Тётя Нина ушла в зал, и оттуда послышался хруст старого дискового телефона: она набирала номер.

Сенбернар Манс приподнял огромную голову и вопросительно посмотрел на Никиту. Тот кивнул и поставил тарелку с огромным бутербродом на пол. Пёс слопал угощение в один присест, почти не жуя, осторожно скосил печальные глаза в сторону зала и снова развалился на полу. Тарелка вернулась на стол. Пёс уже давно служил утилизатором пищи, которая не вмещалась в друзей Павла. Без ведома гостеприимной тёти Нины, само собой.

Вспышка!

Констриктор слаб и разрушается…

Из зала доносились неразборчивые фразы. Тон старушки был нетерпеливым, но сдержанным.

Никита потёр онемевшее лицо, выплюнул в тарелку уже ставшую пресной жвачку, насыпал в кружку три полных ложки кофе, залил кипятком. Подумав, добавил ещё ложку кофе и принялся мешать. Голова кружилась от усталости и переутомления. Кофеин поможет на полчаса-час. А что дальше?

Вспышка!

Безумство крысы приведёт отчаянных на виселицу…

Вспышка!

И тела будут качаться во тьме целую вечность, пока не придёт мёртвый царь и не устроит трапезу на месте казни…

Вспышка!

Никита сделал большой глоток, не замечая, что горячий кофе обжигает горло. Голоса отступили, оставив какой-то гул в голове и тошноту. Он сделал ещё глоток, не чувствуя вкуса, и повернулся. В дверном проёме стояла Нина Викторовна. Её рот был широко открыт, и оттуда показался язык – длинный, влажный, цвета перезрелой вишни. Он свисал до самого пола.

Вспышка!

– Ты что-то неважно выглядишь, Никита, – сказала тётя Нина и озабоченно всмотрелась в его измождённое лицо. – Круги под глазами, губы синюшные… Ты, часом, не заболел? Может, я, чая тебе налью? С малиновым вареньем или с мёдом?

Никита зажмурился, что было сил, и выдавил из себя смешок.

– Спасибо, всё хорошо. На работе завал – на сон остаётся мало времени.

– Совсем тебя там замучили, – сокрушённо покачала головой старушка. – Что это за контора такая, что сотрудникам ни дня покоя нет? На них пожаловаться надо за такое обращение. Козлы!

Замеров неопределённо кивнул, не то соглашаясь, не то опровергая обвинения.

– Бледный какой – смотреть больно. Молодец, что бутерброд съел. Допьёшь кофе – и ложись немного подремать.

Вспышка!

– Вон в зале, на диване. Я тебе подушку принесу.

Вспышка!

– Пашка только через час приедет: начальник задерживает. Я тебя разбужу, как он появится. Ложись, ложись.

Вспышка!

Нина Викторовна отвернулась к раковине и не увидела, что Никиту передёрнуло всем телом. Руки конвульсивно вскинулись и упали. Он впился в спину женщины диким, безумным, больным взглядом, словно хотел её ударить.

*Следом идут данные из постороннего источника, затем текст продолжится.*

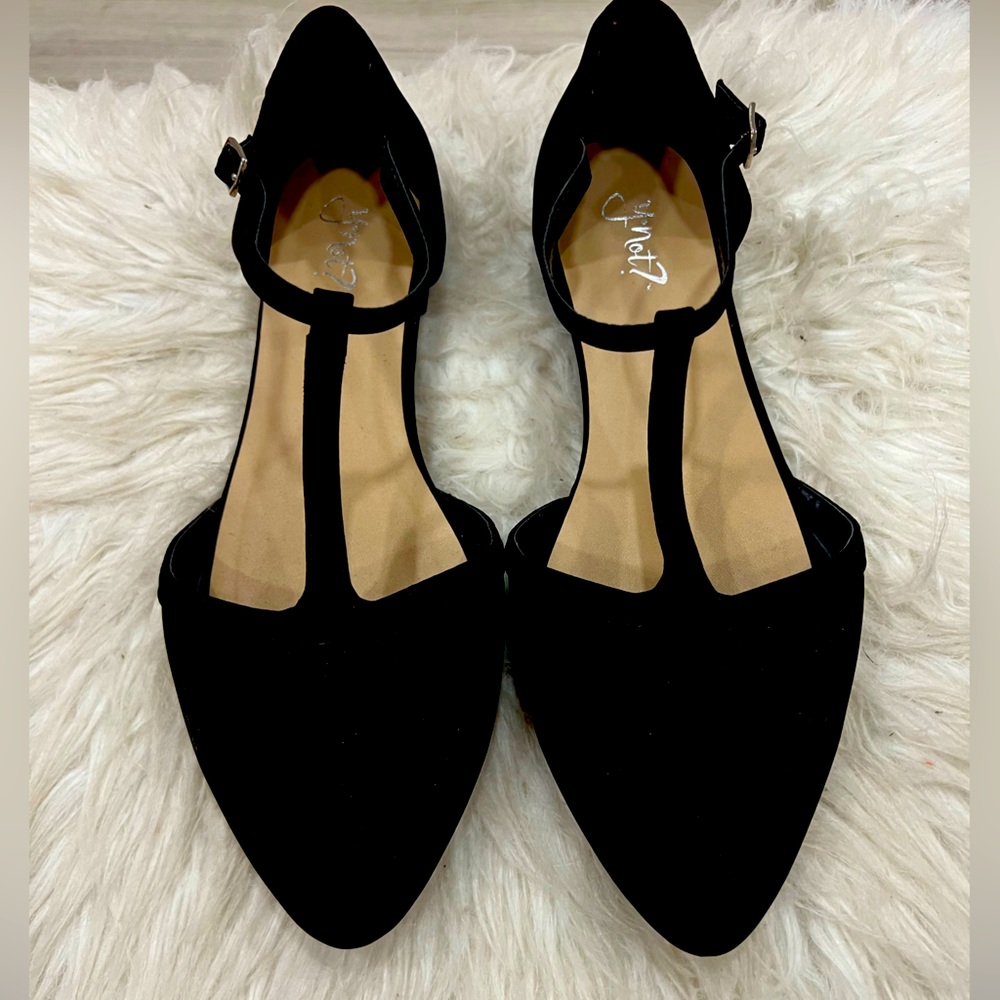 Black flats—$10+8 shipping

«Не спать, не спать, не спать! – пронеслось в голове. Учащённое сердцебиение стучало в висках. – Не спать! Не спать! Не спать! – Никиту залихорадило, бросило в жар. – Я не буду спать! Нельзя! Ни в коем случае нельзя!»

Тётя Нина принялась мыть посуду, сетуя на жадных начальников, которые только и делают, что выжимают из работников все соки и не создают нормальных условий для отдыха.

В хранилище Арцетуды заточена та, которая удержит мир от краха…

Вспышка! Вспышка! Вспышка!

Порабощённая нация генокани, сбивая ноги в кровь, бредёт по бесконечной стеклянной пустыне…

Вспышка!

Тикали часы на стене, из крана лилась вода, пенная губка в руках хозяйки со скрипом скользила по тарелкам. Запредельно далёкий голос тёти Нины рассказывал давнюю историю о покойном муже. Под столом дремал сенбернар Манс.

Вспышка!

Никита медленно откинулся назад, облокотившись о стену. Его сухие потрескавшиеся губы нездорового фиолетового цвета беззвучно шевелились. Руки, лежавшие на столе, слегка подрагивали. Зрачки, налитые кровью, не спеша ползли вверх, словно он хотел посмотреть в потолок, не поднимая головы, – выше и выше.